# ASSIGNMENT
Go through the listing below and retype exactly the lines starting at the one with "Wilderness to Garden image" and ending at the one with "Balloon Flower Mixed", skipping pictures.

# STUDY MATERIAL
==========

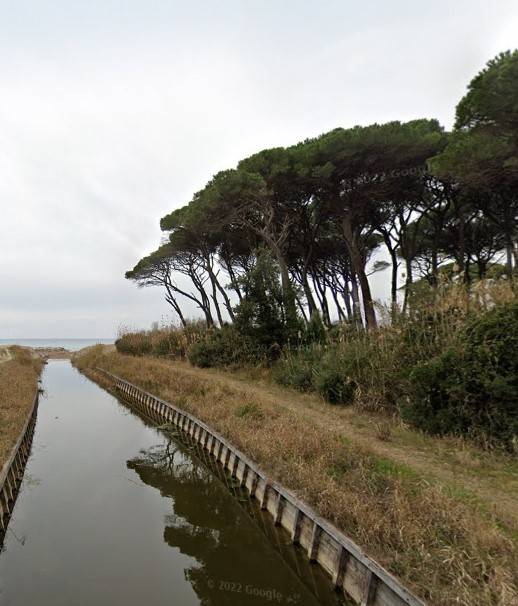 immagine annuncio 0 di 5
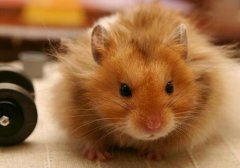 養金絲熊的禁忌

==========

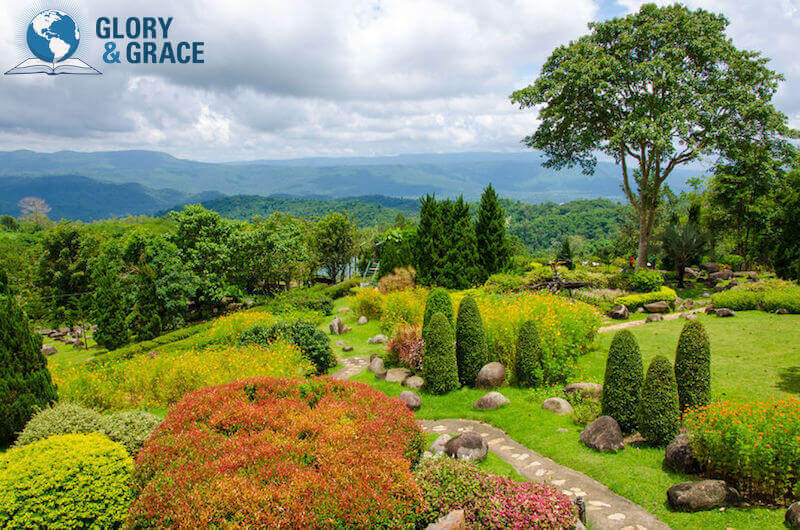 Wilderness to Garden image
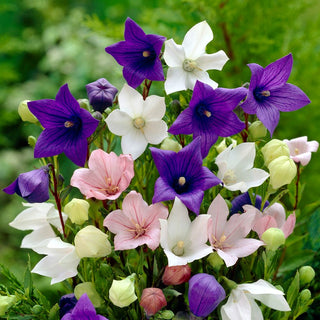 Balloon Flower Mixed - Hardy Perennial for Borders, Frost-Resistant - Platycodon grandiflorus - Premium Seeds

==========

# WRITTEN SOLUTION
 Wilderness to Garden image
 Balloon Flower Mixed - Hardy Perennial for Borders, Frost-Resistant - Platycodon grandiflorus - Premium Seeds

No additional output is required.